The Best Original Music Award went to multi award-winning duo David Arnold and Don Black for Lupus Films’ The Tiger Who Came to Tea.

 Some of the leading British animation courses were represented in both Best Undergraduate and Best Postgraduate Student film categories including nominees from Falmouth University School of Film and Television, University of Creative Arts in Farnham, Arts University Bournemouth and the Royal College of Arts London.

The winner of the all-female nominated Best Undergraduate Student Film category was Megan Earls from UCA, Farnham for Border/Line and the victor of the Best Postgraduate Student Film was Alex Widdowson, also from RCA, for his film Music and Clowns.

 In other categories: The Best Short Film was awarded to Jonathan Hodgson for Roughhouse, which the judges described as a “masterful piece of short form storytelling”. The Best Animation in a Commercial award went to Thomas Harnett O’Meara and Matthew Day for their charming take on The Wind in the Willows for The Wildlife Trusts; The Best Film or TV Graphic, Motion Design was awarded to Second Home Studios for its “varied and imaginative idents” for DaVinci Learning.

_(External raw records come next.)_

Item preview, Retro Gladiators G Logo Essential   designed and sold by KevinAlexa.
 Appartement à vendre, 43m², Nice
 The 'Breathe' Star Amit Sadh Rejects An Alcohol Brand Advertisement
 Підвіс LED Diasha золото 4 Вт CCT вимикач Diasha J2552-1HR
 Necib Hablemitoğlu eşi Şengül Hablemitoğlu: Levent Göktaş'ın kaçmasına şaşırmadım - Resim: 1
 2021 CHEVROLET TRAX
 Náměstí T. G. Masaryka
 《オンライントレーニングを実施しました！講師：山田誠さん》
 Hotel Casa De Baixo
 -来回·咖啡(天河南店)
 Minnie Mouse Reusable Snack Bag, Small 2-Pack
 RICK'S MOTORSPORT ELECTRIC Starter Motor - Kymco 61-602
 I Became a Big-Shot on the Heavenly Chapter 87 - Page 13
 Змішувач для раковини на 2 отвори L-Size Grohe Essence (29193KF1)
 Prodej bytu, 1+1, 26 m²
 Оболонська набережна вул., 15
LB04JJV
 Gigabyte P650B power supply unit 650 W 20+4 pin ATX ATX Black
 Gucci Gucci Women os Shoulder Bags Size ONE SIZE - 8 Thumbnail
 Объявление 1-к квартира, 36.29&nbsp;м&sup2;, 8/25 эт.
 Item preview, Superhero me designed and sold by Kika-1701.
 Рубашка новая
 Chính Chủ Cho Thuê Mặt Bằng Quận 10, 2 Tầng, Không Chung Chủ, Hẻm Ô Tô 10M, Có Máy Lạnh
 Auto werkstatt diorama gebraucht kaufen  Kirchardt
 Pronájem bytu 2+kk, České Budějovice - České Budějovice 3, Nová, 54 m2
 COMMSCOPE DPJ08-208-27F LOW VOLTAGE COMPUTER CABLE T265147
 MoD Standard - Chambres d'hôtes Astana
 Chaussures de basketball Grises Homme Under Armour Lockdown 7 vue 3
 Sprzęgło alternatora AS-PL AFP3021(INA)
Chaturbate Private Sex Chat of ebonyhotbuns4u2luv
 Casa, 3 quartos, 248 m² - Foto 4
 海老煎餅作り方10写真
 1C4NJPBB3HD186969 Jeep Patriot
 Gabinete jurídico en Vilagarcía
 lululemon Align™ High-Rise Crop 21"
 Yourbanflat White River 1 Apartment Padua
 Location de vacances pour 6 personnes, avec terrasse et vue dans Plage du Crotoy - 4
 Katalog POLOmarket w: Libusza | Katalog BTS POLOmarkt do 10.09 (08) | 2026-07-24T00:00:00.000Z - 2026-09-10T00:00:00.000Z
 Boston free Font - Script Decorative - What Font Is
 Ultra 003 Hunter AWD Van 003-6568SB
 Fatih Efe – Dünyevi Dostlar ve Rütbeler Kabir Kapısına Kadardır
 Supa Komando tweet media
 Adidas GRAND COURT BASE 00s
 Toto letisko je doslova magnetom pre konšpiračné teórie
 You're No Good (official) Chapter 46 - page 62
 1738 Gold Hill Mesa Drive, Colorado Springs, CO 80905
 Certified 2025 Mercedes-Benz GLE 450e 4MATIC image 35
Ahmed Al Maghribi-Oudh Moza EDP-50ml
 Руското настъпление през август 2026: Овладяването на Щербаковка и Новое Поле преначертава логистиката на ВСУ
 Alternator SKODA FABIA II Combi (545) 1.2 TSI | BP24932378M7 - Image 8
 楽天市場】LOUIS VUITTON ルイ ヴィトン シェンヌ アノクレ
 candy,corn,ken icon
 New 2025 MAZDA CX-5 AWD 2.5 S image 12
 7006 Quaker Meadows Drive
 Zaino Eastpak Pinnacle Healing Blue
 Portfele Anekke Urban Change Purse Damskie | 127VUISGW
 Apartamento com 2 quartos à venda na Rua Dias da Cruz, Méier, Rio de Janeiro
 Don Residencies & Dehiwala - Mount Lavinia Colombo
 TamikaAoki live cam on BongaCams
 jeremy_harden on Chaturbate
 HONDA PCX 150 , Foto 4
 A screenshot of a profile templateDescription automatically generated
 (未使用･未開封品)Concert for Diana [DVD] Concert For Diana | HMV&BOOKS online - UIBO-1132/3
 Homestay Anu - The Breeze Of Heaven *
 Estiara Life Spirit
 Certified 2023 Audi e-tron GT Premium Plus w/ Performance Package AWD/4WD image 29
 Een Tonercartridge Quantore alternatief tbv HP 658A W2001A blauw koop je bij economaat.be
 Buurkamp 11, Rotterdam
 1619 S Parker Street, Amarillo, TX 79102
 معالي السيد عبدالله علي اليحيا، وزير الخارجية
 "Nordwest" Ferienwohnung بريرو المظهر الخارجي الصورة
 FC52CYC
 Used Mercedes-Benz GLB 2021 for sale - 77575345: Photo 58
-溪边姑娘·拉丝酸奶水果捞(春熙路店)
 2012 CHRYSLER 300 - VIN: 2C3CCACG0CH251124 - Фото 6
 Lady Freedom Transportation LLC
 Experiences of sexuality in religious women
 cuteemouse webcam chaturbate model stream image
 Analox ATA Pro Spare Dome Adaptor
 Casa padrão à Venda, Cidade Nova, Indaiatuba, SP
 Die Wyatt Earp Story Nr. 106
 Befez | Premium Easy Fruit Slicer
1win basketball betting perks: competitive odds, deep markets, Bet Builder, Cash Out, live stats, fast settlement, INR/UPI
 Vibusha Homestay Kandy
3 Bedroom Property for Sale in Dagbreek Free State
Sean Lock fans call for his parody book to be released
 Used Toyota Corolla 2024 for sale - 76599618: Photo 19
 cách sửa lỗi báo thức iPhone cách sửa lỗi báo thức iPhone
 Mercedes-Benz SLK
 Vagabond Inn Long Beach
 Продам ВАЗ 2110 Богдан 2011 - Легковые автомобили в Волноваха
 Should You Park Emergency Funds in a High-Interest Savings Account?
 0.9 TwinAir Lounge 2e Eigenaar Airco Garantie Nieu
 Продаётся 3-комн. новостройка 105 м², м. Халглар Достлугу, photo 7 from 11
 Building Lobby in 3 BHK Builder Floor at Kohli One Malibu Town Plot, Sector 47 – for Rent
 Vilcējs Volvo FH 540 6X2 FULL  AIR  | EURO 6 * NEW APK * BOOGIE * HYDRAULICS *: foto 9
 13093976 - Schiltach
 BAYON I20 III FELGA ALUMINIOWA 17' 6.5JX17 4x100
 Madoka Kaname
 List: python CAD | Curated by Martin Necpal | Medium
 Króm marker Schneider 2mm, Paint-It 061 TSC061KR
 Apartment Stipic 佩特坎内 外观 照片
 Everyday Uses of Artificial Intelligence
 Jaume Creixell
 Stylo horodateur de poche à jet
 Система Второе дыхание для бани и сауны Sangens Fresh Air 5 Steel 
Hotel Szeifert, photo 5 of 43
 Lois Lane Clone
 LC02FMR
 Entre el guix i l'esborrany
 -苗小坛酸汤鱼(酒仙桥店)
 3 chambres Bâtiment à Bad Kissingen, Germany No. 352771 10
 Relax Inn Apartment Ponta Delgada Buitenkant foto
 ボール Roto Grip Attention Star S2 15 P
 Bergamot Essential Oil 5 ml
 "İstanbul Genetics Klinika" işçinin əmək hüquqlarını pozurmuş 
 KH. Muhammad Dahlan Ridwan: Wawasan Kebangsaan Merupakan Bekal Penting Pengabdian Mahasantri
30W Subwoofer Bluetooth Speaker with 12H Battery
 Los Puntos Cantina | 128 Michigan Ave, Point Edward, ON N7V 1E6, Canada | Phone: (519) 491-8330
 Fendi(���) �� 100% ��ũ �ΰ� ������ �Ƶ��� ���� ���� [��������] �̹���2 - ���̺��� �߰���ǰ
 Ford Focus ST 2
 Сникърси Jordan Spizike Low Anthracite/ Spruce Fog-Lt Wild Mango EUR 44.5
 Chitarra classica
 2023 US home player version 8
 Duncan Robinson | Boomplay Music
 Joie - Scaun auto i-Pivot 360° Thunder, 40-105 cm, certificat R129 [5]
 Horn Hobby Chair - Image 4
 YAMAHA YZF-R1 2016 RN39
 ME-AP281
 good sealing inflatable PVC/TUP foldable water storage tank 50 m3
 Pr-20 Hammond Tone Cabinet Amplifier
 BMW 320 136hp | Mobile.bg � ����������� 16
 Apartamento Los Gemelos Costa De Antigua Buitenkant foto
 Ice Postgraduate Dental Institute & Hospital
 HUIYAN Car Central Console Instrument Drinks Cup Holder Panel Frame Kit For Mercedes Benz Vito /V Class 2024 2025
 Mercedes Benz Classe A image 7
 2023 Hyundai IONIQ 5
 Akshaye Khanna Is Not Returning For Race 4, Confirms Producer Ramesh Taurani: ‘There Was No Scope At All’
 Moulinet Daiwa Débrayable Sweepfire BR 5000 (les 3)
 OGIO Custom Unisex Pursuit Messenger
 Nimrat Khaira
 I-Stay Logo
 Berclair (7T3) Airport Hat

The Best Commissioned Animation was picked up by Moth Studio for the “beautifully delicate animation” in Conception: Catie & Jen: The Best Immersive Category was won by Marshmallow Laser Feast for We Live in an Ocean of Air, which was praised for “inspiring us to think about nature in a different way”.

Finally, in a new category for 2020, the Best Social Good Award rewarded Danny Capozzi for his animation for United for Global Mental Health – New Mindset.

BAA Director, Helen Brunsdon, said: “This is my first year at the helm of the BAAs and I was blown away by the quality of the entries this year. The BAAs are a brilliant way to showcase the incredible talent we have here in the UK and help cement Britain’s position as one of the leading countries in the world for animation.”

Held every two years, the British Animation Awards (BAAs) reward the very best new and established British animators across a variety of categories including short films, animated graphics for film and television, children’s series, music videos and commercials.

The awards themselves (the BAAs) are unique artworks, featuring sheep, created especially for the occasion by a range of leading international and UK animation artists: a measure of the world-wide respect felt for British animation.